Алексей Пензин. Родился в 1974 году в Новгороде. Философ, сотрудник Института философии РАН. С 2013 г. — также исследователь и преподаватель в университете Вулверхэмптона (Великобритания). Член рабочей̆ группы «Что делать?». Входит в редакционный совет «ХЖ».
 Участник редколлегии журнала «Стазис» (СПб). Живет в Лондоне и Москве.

Разглядывая обложки переводов книг французских авторов разных лет, обнаруживаешь, что эволюция здесь шла от робкой нефигуративности (использовались фрагменты работ художников модерна или стилизации под них) к яркой, уверенной фактуре поп-артовского или «намеренно» китчевого типа. Такая закономерность точно отображает более чем десятилетнюю историю апроприации заключенных под этими эмблематическими изображениями текстов. Подобные изменения вряд ли покрываются какими-либо индивидуально-эстетическими или сугубо коммерческими алиби издательской деятельности. Сначала обложка лишь силится передать всю «сложность» и «крутизну» заключенного в ней «сверхчеловеческого супертекста» и останавливается где-то на полпути, растерянно замирая в некой неопределенной образности. Последняя же продукция, например того же «Ad Marginem» или «Гнозиса», демонстрирует уже совсем иную симптоматику — появляются вполне идентифицируемые агрессивные образы, которые как бы пытаются навязать свою интерпретацию оформляемому тексту. Фрустрация выказывает себя именно в таких «циничных» знаках разочарования.

 

Идеология перевода

Как будто следуя букве differAnce/отсрочки, в издательстве «Ad Marginem» наконец вышел перевод основополагающей работы Жака Деррида «О грамматологии». Опыт цивилизованной публикации значительного текста французского философа здесь, в России, позволяет нам задаться как никогда своевременным сейчас, в 2001 году, вопросом: куда  вышла эта книга более чем тридцатилетней давности, где она оказалась? И — возможно, слишком передергивая, обобщая и нарушая правила «респектабельного» анализа — попытаться в формате короткой статьи-проекта указать на самый широкий спектр проблем, связанных с постструктурализмом или «французской теорией», а также на эффекты той странной и, возможно, сугубо локальной инерции, в силу которой тексты, подобные упомянутому, до сих пор продолжают нести печать некой актуальности, как бы говоря: «После нас ничего не было».

Не будем рефлексировать над корректностью словоупотребления — для наших целей нам нужен именно «постструктурализм», слово из учебника. Такое обозначение релевантно практически, в смысле реально существующей диспозиции интеллектуального рынка: это всего лишь бренд-нейм одной, похоже, окончательно обанкротившейся корпорации.
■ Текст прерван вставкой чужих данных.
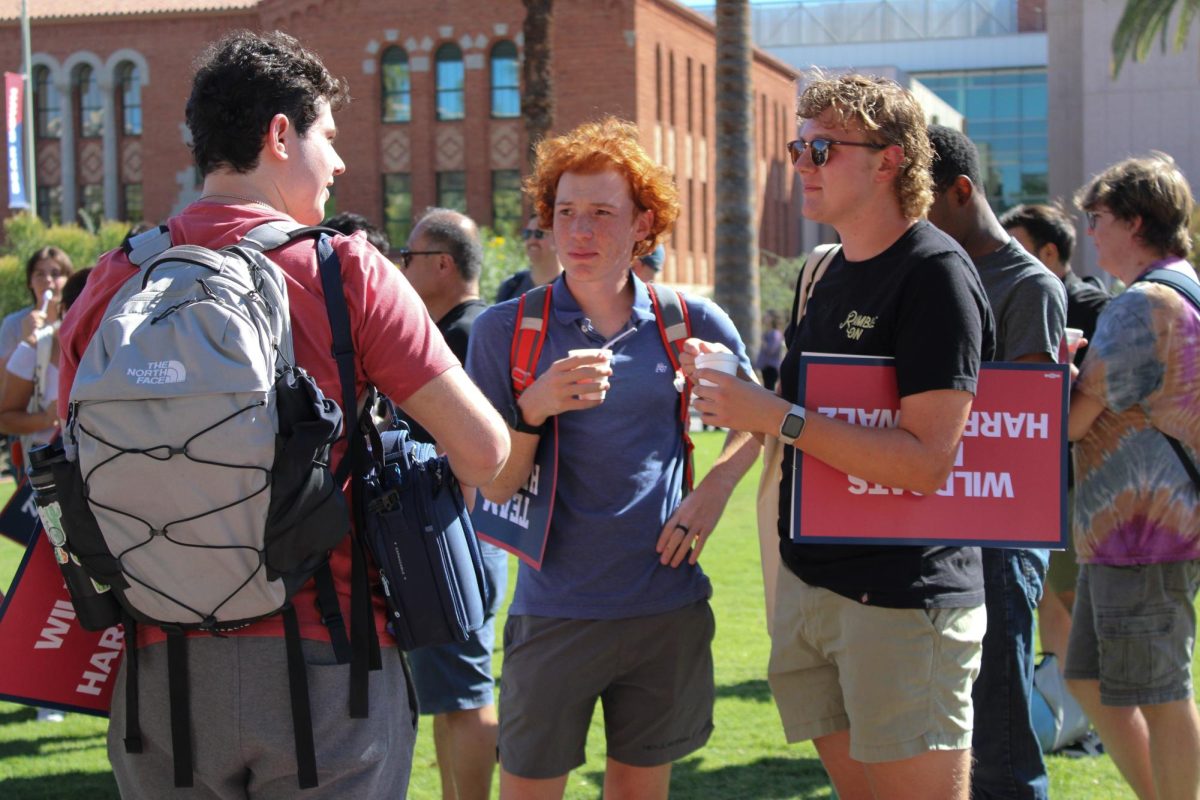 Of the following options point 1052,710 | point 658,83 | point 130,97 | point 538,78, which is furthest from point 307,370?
point 130,97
Будем относиться к «Грамматологии» даже не как к «примеру», что было бы неблагодарным по отношению к автору, посвятившему критике структур экземплификации немало страниц, а скорее как к абсолютно сингулярному поводу, не беря на себя никаких обязательств относительно близости материалу этой книги.

Речь идет не только о контексте рецепции и интерпретации текстов французского постструктурализма, который сложился у нас за последние два — два с половиной десятилетия. В пространстве переноса текста из одной дискурсивной среды в другую определенно возникают симптомообразующие процессы, анализ которых мог бы позволить говорить не только о состоянии нашего дискурсивного сообщества, но и, что не менее важно, об «оригинале», который в таком остраненном экзотической материей чужого языка состоянии раскрывает многие свои защиты, ранее делавшие его безупречным и даже — в нашем случае — чуть ли не сакральным.

Ведь перевод, translation, — это еще и перенос, настоящий трансфер, отягощенный бессознательными инвестициями. Будем исходить из предположения, что проекция текста в поле чужого языка отчасти высвобождает все его бессвязности, все его недомолвки и даже «глупости». И, возможно, не стоит приписывать их переводчикам, которым-де не под силу воспарить в горние высоты сверхценного оригинала. Перевод — это активный жест, критика, своего рода тестирование текста в другом языке, а совсем не «грехопадение» святого писания в мир профанного наречия перевода. Думать иначе — значит быть эдипизированным, быть порабощенным текстом-отцом-оригиналом настолько, что «думать иначе» вскоре станет чем-то совсем невероятным.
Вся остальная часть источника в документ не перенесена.